▶ **Crawled caption data**
________________________________________

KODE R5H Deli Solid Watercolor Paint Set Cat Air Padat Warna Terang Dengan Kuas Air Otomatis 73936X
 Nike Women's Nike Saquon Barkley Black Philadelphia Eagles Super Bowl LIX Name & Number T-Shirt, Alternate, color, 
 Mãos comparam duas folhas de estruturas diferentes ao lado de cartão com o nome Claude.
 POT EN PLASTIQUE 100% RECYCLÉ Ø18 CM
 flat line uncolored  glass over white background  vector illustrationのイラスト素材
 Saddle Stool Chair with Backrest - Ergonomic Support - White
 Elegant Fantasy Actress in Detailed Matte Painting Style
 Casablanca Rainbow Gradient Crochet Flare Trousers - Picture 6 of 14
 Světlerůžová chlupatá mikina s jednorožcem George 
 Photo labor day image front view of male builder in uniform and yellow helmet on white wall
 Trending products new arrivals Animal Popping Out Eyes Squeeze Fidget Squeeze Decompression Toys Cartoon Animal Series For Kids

________________________________________

▶ **Task instructions**
Print only the lines from the one with "Casablanca Rainbow Gradient" to the end of the records, both included.

▶ **Exercise solution**
 Casablanca Rainbow Gradient Crochet Flare Trousers - Picture 6 of 14
 Světlerůžová chlupatá mikina s jednorožcem George 
 Photo labor day image front view of male builder in uniform and yellow helmet on white wall
 Trending products new arrivals Animal Popping Out Eyes Squeeze Fidget Squeeze Decompression Toys Cartoon Animal Series For Kids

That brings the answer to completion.